(Dataset records)
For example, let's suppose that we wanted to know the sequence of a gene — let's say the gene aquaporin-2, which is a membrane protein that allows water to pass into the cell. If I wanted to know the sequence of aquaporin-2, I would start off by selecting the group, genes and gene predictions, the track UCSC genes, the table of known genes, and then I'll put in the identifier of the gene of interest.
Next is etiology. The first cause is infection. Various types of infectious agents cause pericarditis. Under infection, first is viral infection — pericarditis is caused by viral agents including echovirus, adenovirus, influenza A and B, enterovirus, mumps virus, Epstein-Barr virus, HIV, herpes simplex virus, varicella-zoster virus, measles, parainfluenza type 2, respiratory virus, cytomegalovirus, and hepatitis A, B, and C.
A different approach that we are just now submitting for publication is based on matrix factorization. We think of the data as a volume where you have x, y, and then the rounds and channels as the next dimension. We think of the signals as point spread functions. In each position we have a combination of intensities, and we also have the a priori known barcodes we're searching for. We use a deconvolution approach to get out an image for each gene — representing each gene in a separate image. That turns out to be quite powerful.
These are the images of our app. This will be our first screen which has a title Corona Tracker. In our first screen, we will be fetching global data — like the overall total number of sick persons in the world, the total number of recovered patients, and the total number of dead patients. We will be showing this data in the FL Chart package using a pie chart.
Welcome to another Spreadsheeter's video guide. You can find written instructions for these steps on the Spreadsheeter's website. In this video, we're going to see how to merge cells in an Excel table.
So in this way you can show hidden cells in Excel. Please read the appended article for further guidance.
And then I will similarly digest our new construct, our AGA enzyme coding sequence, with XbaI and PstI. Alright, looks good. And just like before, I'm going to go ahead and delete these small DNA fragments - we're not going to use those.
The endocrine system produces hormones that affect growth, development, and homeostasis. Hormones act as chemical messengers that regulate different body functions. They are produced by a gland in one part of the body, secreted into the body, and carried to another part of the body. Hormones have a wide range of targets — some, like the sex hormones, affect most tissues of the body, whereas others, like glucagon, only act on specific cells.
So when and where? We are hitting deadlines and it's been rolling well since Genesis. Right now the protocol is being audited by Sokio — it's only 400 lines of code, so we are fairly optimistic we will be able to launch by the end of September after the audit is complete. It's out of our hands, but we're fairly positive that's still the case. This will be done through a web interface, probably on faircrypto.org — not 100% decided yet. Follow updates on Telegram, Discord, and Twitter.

---

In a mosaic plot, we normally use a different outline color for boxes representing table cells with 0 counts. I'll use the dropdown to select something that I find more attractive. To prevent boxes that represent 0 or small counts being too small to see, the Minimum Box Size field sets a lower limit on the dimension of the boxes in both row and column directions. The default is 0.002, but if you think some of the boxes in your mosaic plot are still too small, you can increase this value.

(Activity) Scan the records above for the lines holding "So in this way" and "The endocrine system". Transcribe those two and every line between them word for word, and no others.

(Solved exercise)
So in this way you can show hidden cells in Excel. Please read the appended article for further guidance.
And then I will similarly digest our new construct, our AGA enzyme coding sequence, with XbaI and PstI. Alright, looks good. And just like before, I'm going to go ahead and delete these small DNA fragments - we're not going to use those.
The endocrine system produces hormones that affect growth, development, and homeostasis. Hormones act as chemical messengers that regulate different body functions. They are produced by a gland in one part of the body, secreted into the body, and carried to another part of the body. Hormones have a wide range of targets — some, like the sex hormones, affect most tissues of the body, whereas others, like glucagon, only act on specific cells.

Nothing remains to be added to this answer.